# drive letter access component



## tenpin (Sep 28, 2004)

I just rebooted a dell 2400 with windows xp home edition from storage, about 9 months down. I downloaded all updates from windows and microsoft and it seems I have Internet Explorer 8. The problem is a box - not a window- that interferes with opening a web site. I have to approve then approve again the "drive letter access" after a google I believe the problem as below;

The process Drive Letter Access Component belongs to the software Sonic DLA or Roxio DLA or Sonic UDF Reader or DLASHX_W.DLL by Sonic Solutions (www.sonic.com) or Roxio (www.roxio.com).

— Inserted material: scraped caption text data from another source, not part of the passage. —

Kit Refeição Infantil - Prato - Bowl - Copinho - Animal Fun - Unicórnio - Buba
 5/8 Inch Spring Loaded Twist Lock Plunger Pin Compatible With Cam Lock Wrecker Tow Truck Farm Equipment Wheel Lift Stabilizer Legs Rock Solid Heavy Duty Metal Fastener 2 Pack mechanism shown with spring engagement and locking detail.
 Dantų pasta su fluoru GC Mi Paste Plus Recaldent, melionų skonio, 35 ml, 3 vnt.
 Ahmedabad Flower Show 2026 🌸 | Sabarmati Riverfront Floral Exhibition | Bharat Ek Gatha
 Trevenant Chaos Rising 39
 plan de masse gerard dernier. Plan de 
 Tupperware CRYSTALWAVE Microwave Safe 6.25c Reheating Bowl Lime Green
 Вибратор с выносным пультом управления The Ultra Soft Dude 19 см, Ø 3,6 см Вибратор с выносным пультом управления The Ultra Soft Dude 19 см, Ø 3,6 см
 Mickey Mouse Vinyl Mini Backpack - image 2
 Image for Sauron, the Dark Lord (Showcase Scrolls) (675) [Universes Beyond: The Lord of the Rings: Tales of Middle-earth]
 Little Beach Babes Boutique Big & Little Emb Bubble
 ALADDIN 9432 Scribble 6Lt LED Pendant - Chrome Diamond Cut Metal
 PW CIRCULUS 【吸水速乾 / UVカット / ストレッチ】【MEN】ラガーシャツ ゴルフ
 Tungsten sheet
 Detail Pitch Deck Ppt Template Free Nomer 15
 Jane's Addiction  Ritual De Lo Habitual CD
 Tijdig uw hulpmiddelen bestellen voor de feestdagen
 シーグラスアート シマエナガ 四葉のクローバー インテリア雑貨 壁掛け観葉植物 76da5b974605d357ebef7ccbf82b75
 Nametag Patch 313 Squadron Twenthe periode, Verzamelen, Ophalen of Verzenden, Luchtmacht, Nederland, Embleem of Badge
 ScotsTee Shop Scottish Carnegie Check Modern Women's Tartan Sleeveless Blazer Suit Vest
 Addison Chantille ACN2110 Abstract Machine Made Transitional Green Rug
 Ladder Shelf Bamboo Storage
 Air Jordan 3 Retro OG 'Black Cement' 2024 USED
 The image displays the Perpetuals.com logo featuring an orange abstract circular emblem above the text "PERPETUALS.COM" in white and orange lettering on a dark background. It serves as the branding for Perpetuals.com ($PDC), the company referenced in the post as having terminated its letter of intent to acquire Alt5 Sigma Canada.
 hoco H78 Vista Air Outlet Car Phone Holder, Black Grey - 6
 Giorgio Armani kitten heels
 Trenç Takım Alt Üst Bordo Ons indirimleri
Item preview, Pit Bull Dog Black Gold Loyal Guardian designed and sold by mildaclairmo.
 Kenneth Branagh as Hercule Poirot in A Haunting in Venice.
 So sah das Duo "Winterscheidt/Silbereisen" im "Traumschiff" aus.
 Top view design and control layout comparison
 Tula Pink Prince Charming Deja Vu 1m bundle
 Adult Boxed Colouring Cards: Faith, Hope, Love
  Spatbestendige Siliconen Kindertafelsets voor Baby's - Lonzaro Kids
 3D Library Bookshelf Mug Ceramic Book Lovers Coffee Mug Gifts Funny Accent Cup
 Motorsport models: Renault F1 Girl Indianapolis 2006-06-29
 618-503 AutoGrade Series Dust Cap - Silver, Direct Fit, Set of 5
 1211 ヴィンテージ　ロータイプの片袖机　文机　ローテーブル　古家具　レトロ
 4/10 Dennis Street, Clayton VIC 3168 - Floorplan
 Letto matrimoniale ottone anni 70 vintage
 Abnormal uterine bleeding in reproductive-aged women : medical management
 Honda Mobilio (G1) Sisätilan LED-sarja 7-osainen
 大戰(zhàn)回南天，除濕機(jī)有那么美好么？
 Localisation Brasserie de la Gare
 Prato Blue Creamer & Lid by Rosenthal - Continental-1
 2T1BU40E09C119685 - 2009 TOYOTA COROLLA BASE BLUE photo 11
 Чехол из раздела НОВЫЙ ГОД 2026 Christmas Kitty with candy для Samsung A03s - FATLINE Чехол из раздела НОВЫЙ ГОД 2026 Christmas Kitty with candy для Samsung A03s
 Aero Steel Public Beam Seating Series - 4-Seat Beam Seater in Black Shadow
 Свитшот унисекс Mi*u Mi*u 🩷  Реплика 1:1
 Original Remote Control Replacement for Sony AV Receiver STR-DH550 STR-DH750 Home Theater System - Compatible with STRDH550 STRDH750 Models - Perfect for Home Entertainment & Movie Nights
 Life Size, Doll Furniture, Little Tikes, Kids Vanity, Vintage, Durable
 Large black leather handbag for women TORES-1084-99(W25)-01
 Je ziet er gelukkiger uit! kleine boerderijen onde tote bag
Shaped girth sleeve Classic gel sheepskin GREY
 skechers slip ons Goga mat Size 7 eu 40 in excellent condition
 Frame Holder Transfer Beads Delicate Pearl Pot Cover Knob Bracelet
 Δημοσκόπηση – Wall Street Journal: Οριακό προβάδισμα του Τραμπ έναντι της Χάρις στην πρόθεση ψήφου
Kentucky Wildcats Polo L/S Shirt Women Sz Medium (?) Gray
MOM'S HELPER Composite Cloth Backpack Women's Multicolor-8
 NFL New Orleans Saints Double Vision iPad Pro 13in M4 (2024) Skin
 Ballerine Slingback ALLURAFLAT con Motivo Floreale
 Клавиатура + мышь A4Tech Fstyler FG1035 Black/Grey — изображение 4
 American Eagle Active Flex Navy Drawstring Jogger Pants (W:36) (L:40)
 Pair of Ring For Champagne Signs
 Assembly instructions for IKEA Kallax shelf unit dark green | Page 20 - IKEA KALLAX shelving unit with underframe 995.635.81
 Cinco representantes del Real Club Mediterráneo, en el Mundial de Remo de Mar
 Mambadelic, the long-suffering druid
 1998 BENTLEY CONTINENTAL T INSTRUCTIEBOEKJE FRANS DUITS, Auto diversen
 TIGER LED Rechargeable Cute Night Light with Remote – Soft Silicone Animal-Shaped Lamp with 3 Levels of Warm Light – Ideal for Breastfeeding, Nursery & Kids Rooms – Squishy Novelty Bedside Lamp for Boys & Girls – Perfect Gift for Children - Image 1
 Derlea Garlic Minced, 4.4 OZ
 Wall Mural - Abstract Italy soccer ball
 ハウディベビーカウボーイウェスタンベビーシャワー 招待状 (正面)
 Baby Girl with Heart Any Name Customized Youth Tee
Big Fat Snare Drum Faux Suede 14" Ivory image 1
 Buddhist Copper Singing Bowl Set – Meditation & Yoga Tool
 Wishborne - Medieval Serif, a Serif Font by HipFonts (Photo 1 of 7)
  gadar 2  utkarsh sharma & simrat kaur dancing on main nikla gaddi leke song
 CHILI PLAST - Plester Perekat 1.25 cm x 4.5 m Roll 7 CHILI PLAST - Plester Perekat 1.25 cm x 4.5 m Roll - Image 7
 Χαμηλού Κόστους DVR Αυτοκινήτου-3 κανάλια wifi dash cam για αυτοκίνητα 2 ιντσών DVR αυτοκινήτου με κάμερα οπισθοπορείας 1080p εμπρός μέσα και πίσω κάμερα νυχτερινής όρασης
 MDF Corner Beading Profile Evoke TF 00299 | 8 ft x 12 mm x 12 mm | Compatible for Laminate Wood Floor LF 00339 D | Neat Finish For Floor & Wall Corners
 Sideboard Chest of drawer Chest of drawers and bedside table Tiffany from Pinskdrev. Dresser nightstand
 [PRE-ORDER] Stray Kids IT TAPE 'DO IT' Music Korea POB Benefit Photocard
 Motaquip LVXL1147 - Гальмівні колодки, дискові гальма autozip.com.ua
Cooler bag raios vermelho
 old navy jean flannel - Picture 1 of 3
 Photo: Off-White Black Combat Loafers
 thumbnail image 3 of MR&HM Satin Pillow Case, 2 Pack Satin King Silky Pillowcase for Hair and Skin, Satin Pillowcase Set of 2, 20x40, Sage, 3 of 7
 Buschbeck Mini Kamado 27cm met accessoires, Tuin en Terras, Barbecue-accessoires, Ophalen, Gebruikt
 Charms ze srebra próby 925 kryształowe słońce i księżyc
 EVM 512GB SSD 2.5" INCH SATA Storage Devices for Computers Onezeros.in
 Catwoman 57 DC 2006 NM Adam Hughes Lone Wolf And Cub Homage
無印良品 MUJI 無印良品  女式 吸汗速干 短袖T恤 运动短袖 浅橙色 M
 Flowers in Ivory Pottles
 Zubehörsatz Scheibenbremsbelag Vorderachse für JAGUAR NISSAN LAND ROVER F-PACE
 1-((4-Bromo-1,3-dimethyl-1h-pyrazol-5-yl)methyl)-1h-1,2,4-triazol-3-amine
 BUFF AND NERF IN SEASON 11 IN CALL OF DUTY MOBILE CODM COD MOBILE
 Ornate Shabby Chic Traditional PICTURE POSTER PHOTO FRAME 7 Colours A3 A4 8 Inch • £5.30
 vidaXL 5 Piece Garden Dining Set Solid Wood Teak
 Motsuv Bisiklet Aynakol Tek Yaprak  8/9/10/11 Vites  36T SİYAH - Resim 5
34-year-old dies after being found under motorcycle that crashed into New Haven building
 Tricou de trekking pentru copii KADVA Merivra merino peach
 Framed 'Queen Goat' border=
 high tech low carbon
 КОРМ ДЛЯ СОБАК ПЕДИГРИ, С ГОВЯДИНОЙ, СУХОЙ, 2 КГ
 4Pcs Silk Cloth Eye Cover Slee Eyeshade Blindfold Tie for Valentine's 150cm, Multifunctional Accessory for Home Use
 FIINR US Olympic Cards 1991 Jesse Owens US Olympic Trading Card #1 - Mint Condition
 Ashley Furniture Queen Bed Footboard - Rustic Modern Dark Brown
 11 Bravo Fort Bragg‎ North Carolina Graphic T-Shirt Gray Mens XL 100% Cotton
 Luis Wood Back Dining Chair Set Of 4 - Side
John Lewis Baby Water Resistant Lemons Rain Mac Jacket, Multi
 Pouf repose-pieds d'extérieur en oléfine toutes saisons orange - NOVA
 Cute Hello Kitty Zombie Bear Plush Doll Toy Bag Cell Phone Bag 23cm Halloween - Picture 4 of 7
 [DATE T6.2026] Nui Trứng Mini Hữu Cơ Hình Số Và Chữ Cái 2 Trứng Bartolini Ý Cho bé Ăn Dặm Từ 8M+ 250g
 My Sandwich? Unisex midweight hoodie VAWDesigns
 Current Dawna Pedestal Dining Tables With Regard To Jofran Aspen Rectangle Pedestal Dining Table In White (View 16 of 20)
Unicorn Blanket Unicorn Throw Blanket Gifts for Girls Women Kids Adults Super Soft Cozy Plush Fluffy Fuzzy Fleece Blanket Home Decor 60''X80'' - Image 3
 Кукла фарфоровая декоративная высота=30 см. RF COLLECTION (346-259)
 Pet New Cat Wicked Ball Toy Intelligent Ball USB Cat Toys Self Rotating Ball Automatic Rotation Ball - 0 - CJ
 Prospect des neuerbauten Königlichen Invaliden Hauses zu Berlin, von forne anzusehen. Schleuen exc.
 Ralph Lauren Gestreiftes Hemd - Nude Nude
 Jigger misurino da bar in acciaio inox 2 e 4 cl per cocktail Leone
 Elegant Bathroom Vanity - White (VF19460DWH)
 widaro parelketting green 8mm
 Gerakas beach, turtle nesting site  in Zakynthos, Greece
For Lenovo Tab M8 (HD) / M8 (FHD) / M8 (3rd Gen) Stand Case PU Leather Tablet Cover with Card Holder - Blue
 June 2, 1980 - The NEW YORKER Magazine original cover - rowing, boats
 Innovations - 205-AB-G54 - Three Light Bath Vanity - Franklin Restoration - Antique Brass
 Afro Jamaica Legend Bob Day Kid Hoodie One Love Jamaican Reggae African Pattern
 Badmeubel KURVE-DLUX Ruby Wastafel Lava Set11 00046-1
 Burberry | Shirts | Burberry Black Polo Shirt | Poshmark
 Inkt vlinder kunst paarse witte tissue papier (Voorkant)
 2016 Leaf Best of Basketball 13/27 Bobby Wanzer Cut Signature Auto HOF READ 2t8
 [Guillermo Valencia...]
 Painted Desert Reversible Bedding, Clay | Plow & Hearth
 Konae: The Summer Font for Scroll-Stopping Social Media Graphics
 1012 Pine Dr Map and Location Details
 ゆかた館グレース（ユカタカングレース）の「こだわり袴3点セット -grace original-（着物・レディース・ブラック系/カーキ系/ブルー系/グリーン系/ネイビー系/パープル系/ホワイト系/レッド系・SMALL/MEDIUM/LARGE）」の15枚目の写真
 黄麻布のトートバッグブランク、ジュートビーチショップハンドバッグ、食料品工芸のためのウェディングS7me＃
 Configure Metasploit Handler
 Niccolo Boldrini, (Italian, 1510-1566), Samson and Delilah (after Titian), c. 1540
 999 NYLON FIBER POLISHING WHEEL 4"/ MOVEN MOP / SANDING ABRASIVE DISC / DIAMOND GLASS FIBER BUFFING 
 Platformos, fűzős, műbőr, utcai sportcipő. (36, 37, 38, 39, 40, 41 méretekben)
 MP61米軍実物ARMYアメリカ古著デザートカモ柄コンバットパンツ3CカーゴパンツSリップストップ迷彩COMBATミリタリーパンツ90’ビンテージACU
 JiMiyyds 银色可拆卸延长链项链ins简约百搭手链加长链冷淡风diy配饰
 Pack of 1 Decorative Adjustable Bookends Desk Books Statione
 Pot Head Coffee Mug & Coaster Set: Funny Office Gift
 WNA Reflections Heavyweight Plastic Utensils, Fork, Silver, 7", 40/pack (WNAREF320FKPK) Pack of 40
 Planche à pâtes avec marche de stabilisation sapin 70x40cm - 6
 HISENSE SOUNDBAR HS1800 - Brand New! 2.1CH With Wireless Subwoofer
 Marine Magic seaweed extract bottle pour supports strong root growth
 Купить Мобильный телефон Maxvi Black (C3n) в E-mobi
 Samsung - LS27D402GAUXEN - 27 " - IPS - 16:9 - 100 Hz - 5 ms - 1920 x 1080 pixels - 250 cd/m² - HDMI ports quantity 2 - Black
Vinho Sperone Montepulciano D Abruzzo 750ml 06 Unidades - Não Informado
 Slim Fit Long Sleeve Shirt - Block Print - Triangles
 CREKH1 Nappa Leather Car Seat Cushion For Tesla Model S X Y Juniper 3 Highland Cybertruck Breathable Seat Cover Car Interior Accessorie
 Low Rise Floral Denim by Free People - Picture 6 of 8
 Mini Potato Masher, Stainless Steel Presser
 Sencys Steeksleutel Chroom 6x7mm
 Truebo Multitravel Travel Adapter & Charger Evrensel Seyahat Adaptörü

Description: File dlashx_w.dll is located in a subfolder of C:\Windows\System32. Known file sizes on Windows XP are 110,652 bytes (98% of all occurrence), 114,748 bytes, 110,647 bytes.
This .dll file is a Browser Helper Object (BHO) that runs automatically every time you start your Internet browser. BHOs are not stopped by personal firewalls, because they are identified by the firewall as your browser itself. BHOs are often used by adware and spyware. The unique ID of this BHO is 5CA3D70E-1895-11CF-8E15-001234567890. dlashx_w.dll is a file without information about the maker of this file. The program has no visible window. File dlashx_w.dll is able to monitor Internet browser. It is not a Windows system file. There is no detailed description of this service. dlashx_w.dll is an unknown file in the Windows folder. Therefore the technical security rating is 66% dangerous.


How to fix or remove?


----------